On the negative - VERY hot summers without many activities for little ones, horrendous drivers, frustrating to do business in the slower paced/different work environment, private schools are expensive and not always worth the money so Greek Schools will have to be considered, inconvenient store hours...

This is just a quick start, I'm sure others can add to the pros and cons of this list but these are my personal observations. It all depends where you are coming from, what you expect from it and how well you all adapt. Good luck!


----------



## Veronica (Apr 5, 2008)

There are lots of positves in living in Cyprus but from my experience with people I have met children make affording life here far more difficult than it is for a couple without children. 
Only today my husband and I were with a lady whose family are returning to the Uk because the cost of bringing up children in Cyprus makes it impossible for them to be able stay to here. They initially moved to Peyia close to the local school but their children were very unhappy there so they had to be moved to the international school. The cost of this became untenable and for the past year they have been receiving home schooling. The eldest is coming up to the age where he should be going to secondary school and home schooling is therefore no longer an option. This family have been trying to sell their house here for some time and now are leaving it empty to be sold (hopefully) once they have gone.
This is fairly typical of stories which we hear all the time. This family estimate that the experience has cost them around £100.000
I can only repeat what I have said so many times before. Please do your homework and your calculations very very thoroughly before uprooting your children and bringing them here.

Veronica


----------



## dusty321 (Feb 12, 2009)

Veronica said:


> There are lots of positves in living in Cyprus but from my experience with people I have met children make affording life here far more difficult than it is for a couple without children.
> Only today my husband and I were with a lady whose family are returning to the Uk because the cost of bringing up children in Cyprus makes it impossible for them to be able stay to here. They initially moved to Peyia close to the local school but their children were very unhappy there so they had to be moved to the international school. The cost of this became untenable and for the past year they have been receiving home schooling. The eldest is coming up to the age where he should be going to secondary school and home schooling is therefore no longer an option. This family have been trying to sell their house here for some time and now are leaving it empty to be sold (hopefully) once they have gone.
> This is fairly typical of stories which we hear all the time. This family estimate that the experience has cost them around £100.000
> I can only repeat what I have said so many times before. Please do your homework and your calculations very very thoroughly before uprooting your children and bringing them here.
> ...


----------



## dusty321 (Feb 12, 2009)

Sorry my reply ended up in the wrong box


----------



## zeebo (Nov 15, 2009)

Hello,

We moved over in Jan with our three (7,6,2) and have had a mixed reaction to the place. Ok with two kids of schooling and taking a paycut to come to cyprus private was not an option for us and our kids are in greek school.. again there have been good and bad bits but the havent been hit or had heads down the bogs so not as bad as some people say. Like others have said it is so expensive here it is crazy.. I know some people will say the odd thing is cheaper here but forget it.. when you have kids you need to basically DOUBLE your shopping bills etc / monthly outgoings.. 

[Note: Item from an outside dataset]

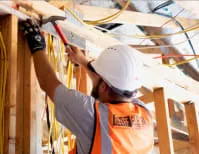 A worker from Reyff Electric, Inc. in Rohnert Park, wearing a hard hat and safety vest, installs electrical wiring on a construction site.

In the three months we have been here we have pretty much done everything in the south and most of the north so i can see how some would get bored here.. The killer for us though has been the fact that we will never be able to afford a house here so it is beginning to feel like an unobtainable dream. 

Ok you wanted positives.. The telly is all greek so and there isnt anything to do so you all speak more and spend time together.. sounds like a scarcastic remark but coming here has liberated us from telly and we dont even have one.. only thing i mis is Dr.Who and survivors.. 

Beaches are just great and will be even better if i get a boat or something.. 

Finally it isnt the UK.. and its nice to be the forigner/immagrant in someone else's country.. i dunno why it is just good! after years of the papers in the UK harping on about imigration etc it I just feel like 'cant beat em join em'... and once you have lived outside the UK you can see why europe's poor are heading there .. schooling healthcare etc


----------



## BabsM (May 24, 2008)

dusty321 said:


> But surley some people have managed it, even paying for private Schools? I often wonder how these people tried to earn a living. I think people go out with the opinion it is an easier way of life, I'm not so sure. Safer, yes, more Family time....maybe. I hear so many people say Oh I'll get a bar job, or I'll get a cleaning job, common sense tells you this will not provide for you and your family. I know of one person who runs a wholesale business doing pretty good, but he works very hard. If the likes of M&S, IKEA Etc open up over there, the retail, wholesale, import market must still be pretty good..............if you know what you're doing. I really do appreciate your views.
> 
> Regards
> Justin


There are opportunities out there to import and sell goods that are hard or expensive to get. But breaking into the market here is not easy for many reasons. But the most important is the fact that society here takes care of its own. If your are Cypriot, have Cypriot relatives or a connection in Cyprus then it will make a big difference.

M&S has had branches here for at least six years so they came before the crisis. Similarly IKEA has been preparing to open for a number of years. Both companies are very big. Are you REALLY intending to operate on their scale?????


----------



## theresoon (Apr 11, 2008)

M&S has had branches here for at least six years so they came before the crisis. Similarly IKEA has been preparing to open for a number of years. Both companies are very big. Are you REALLY intending to operate on their scale?????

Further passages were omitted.